On Wednesday May 31st, 2023, at 12:55 GMT we deployed a minor version to one of our services. Shortly after at 12:56 GMT, Frontegg’s US monitoring system started sending alerts for an authentication service which was not performing as expected, and the team immediately began investigating the issue.

At 13:01 GMT we started getting alerts from Frontegg’s EU monitoring as well regarding the same service, shortly after, we started to get complaints from customers.

At 13:04 GMT, 8 min after we started getting the alerts the team concluded that it was sourced by a recent change that was deployed. As part of the change, there was a database migration for one of our primary services. However, the migration job didn't run due to an edge race condition in our CD infrastructure, causing the service to remain in a schema mismatch state.

At this point we immediately started a rollback process for both EU & US regions that was completed by 13:16 GMT. Once the rollback completed, we noticed that our services are working as expected again and customers also reported that they were no longer experiencing issues.

Affect:

Most requests to customers’ custom Frontegg domains resulted in 401/404 responses or inability to authenticate.

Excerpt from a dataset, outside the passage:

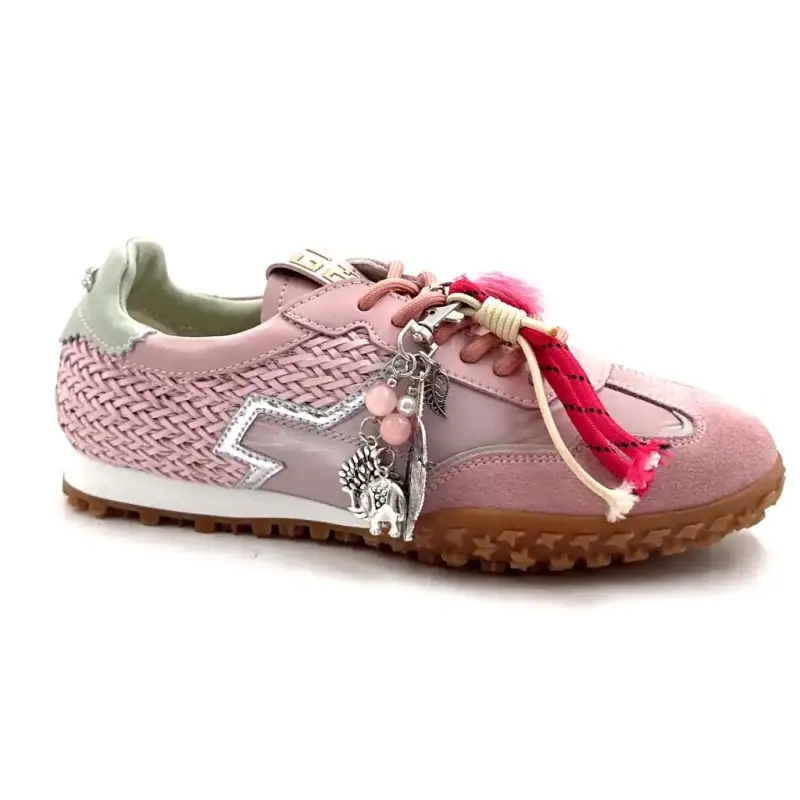 GIO+ Cielo 02 Læder & Ruskind Pink Ivoire Chaussures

For the EU region - between 12:59 to 13:16 GMT time.For the US region - between 12:56 to 13:14 GMT time

Mitigation and resolution:

Following the monitoring alerts the incident response team immediately identified the potential corrupted service and started rollback procedure with the previous successful deployment.

Preventive steps:

  • We defined a gated process for deploying DB migration changes
  • A schema validation on service init to prevent schema mismatch cases was added
  • Will add deployment validation that will fail deployment if migration didn’t run
  • Will remove the high dependency in that specific service as a single-point-of-failure for the main system flows
  • Reduce service rollback time by running only relevant part of the CD pipeline
Posted Jun 01, 2023 - 14:28 UTC

Resolved
This incident has been resolved.
Posted May 31, 2023 - 16:13 UTC
Monitoring
A fix has been implemented and we are monitoring the results.
Posted May 31, 2023 - 13:18 UTC
Investigating
We are currently investigating this issue.
Posted May 31, 2023 - 13:08 UTC
This incident affected: User authentication, Machine to machine authentication, and SSO & SAML authentication.